Last week I read a very interesting article posted by a bride-to-be where Mark Driscoll gave guys at a conference an ear-clipping for not honouring their wives. It was a great read on sooo many levels, and one insightful sentence really got me thinking about the difference between talking to men and talking to women. He writes, “Were this a women’s conference, I would not call you all idiots and imbeciles and fools, that you’re a joke, okay? But you men, this is where it needs to go…. And the real men in the room know it and they see it.”
For me it is astounding that groups of guys respond well to these Alpha Male challenges, but my husband loved it, and I’m told it works for guys generally! They respect a leader who talks straight. Here’s the newsflash though: as Driscoll says, this is not normally the same for women. If you want to get the best out of a woman in your team, you can’t forget that she’s – well – a woman. But very often leaders do forget this.
#1. It’s important to remember that women are sensitive, and that’s ok! Being sensitive doesn’t make us weak or unprofessional, it’s part of our feminine strength. Even A-Type ‘strong’ women struggle to feel feminine when their leaders use the same language on them that they use when giving their male colleagues negative feedback. So, rather than shutting this side of a woman down and asking her to take a tongue-lashing ‘like a man’, leaders can make the whole workplace friendlier and happier by learning to criticise constructively…not just criticise.
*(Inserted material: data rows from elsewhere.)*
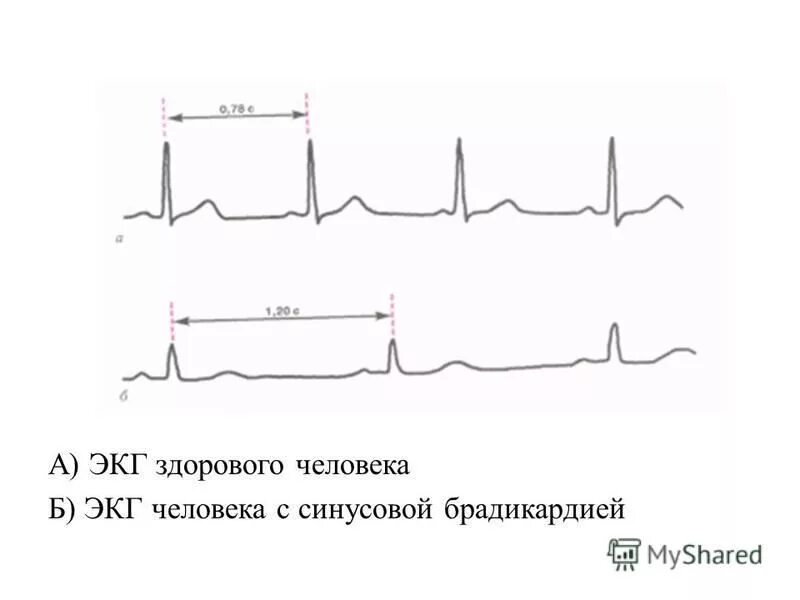 Кардиограмма сердца здорового человека фото и описание Рисунок кардиограммы здорового человека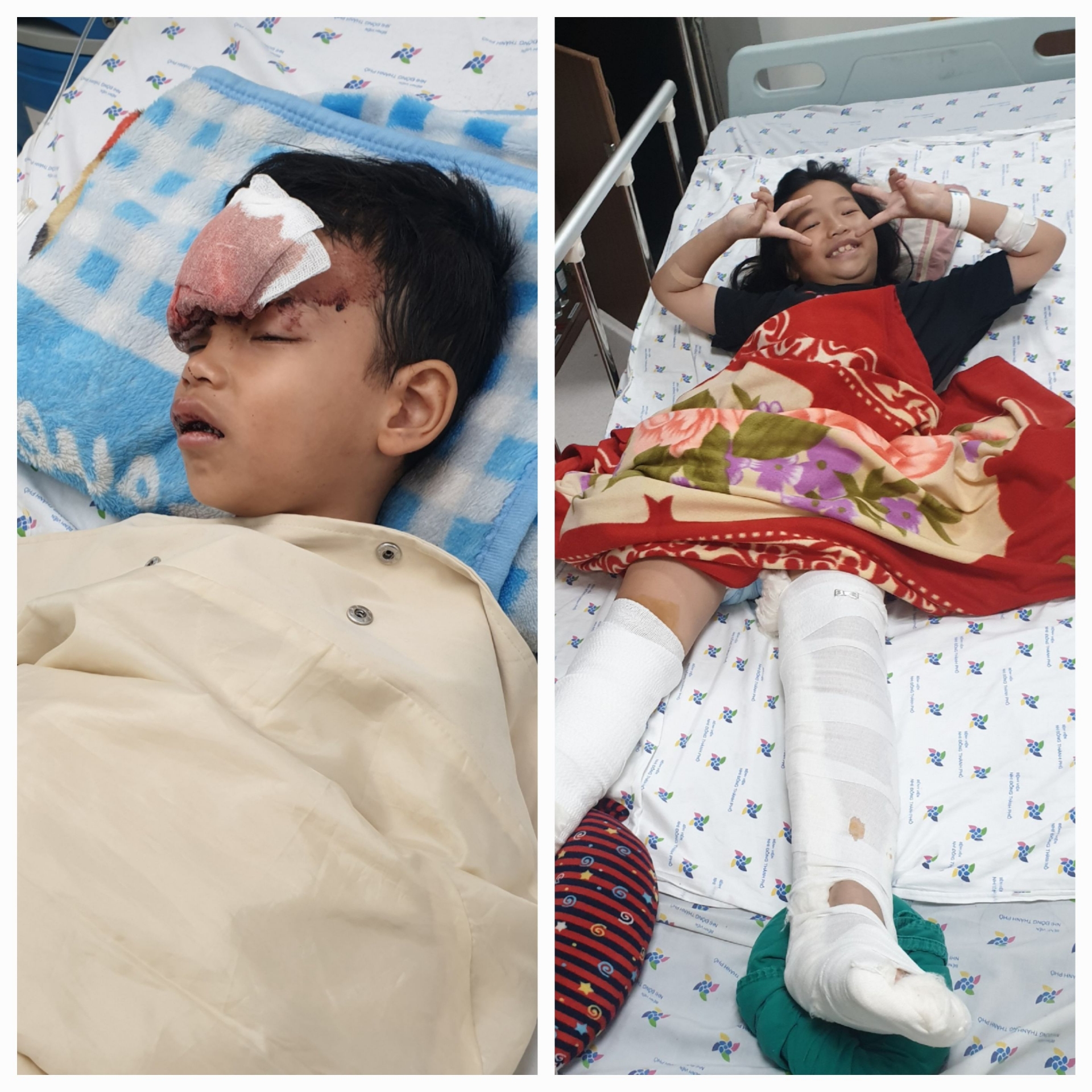 Hai người con nhỏ của gia đình chị Linh đang điều trị tại Bệnh viện Nhi Đồng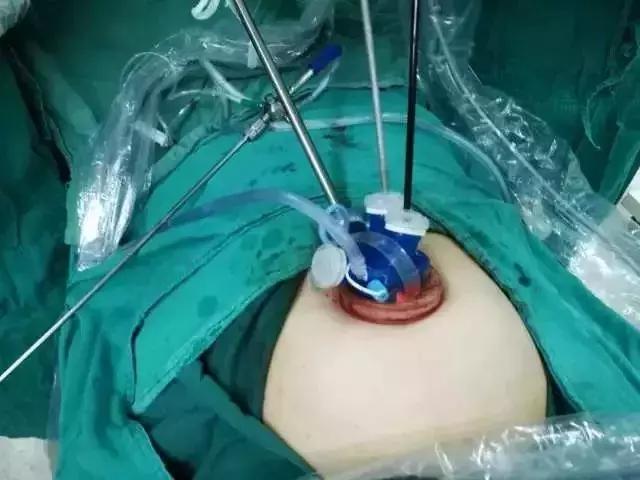 单孔腹腔镜术后伤口恢复图片,单孔腹腔镜肚脐伤口难愈合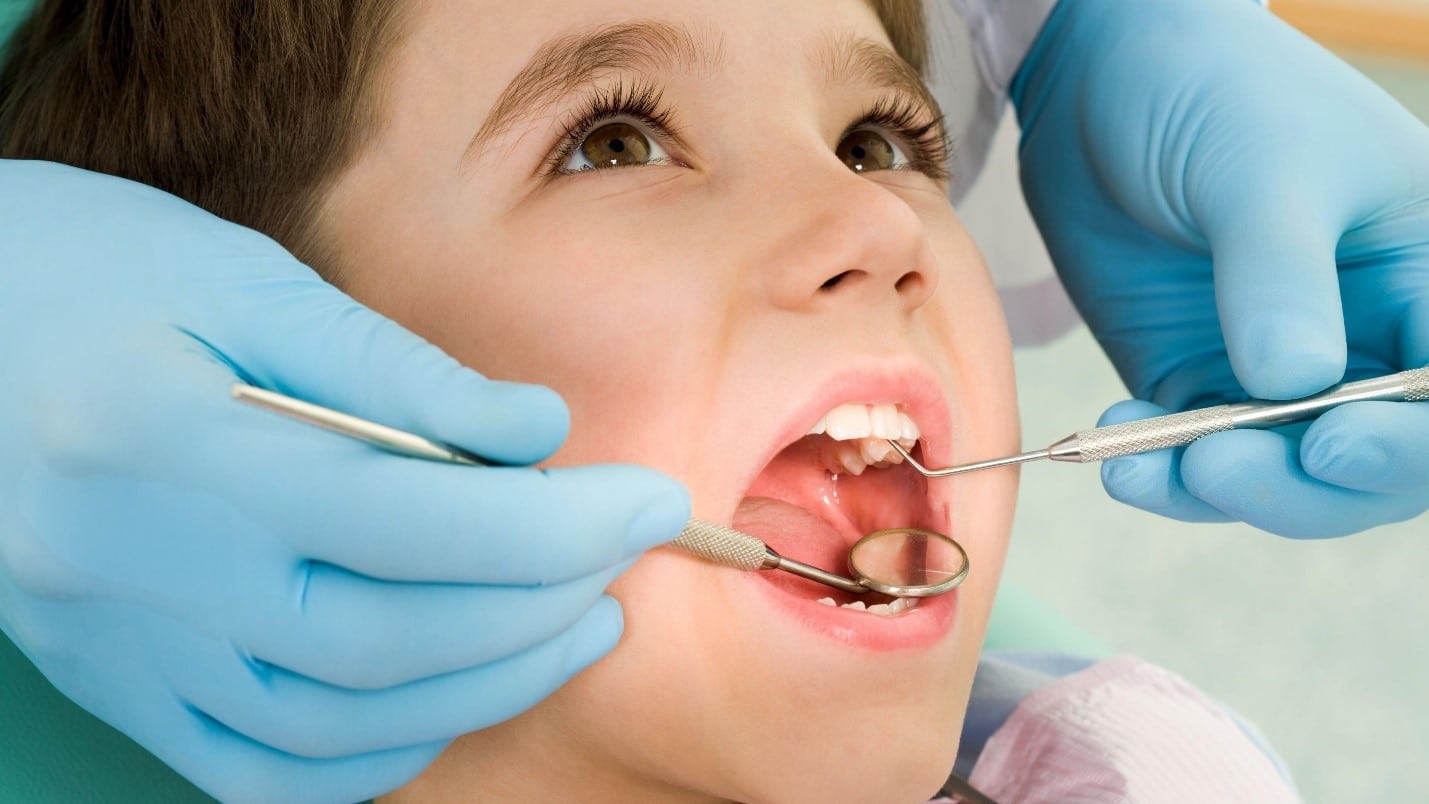 Làm thế nào khi bé bị sún răng sớm? 6 sún răng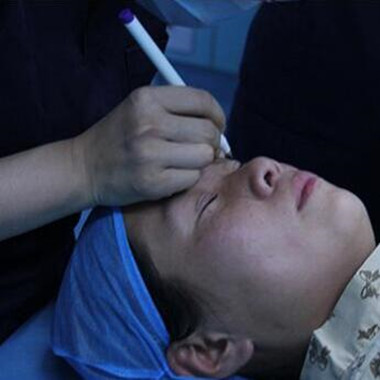 双眼皮手术让我单眼皮变双眼皮就是这么简单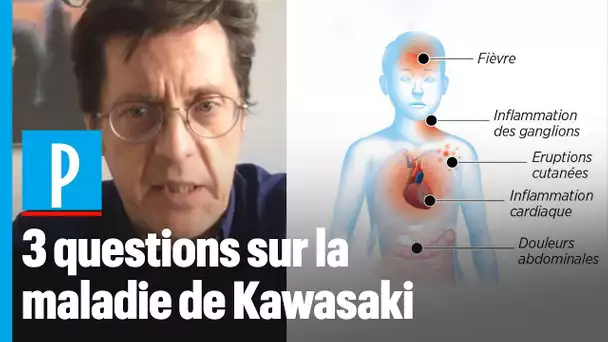 Syndrome de Kawasaki et Covid-19: "Une forte fièvre et des problèmes digestifs au premier plan"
This way girls are way more likely to make the necessary changes with a smile, than spend their lunch break in tears and overanalysing.
#2. The other thing one can never forget when leading women is that they are relational creatures. We want to know that our relationships are strong and safe – but we also know that work can put a strain things! You may not be able to fulfill all your employees’ expectations, just as they may not fulfill yours, and this in turn can lead to pressure and frustration on either side. If you value a female team member and want to make sure your relationship goes the distance, make investment like remembering her birthday, asking about her family, or checking how she’s doing. That way she’ll know you care about her and not just her function at the office, even when the project isn’t running as smoothly as hoped.
It may be a man’s world out there, but we leaders get to make the choices whether to carry that culture into our teams or not. What ‘tools’ have you found work when leading women?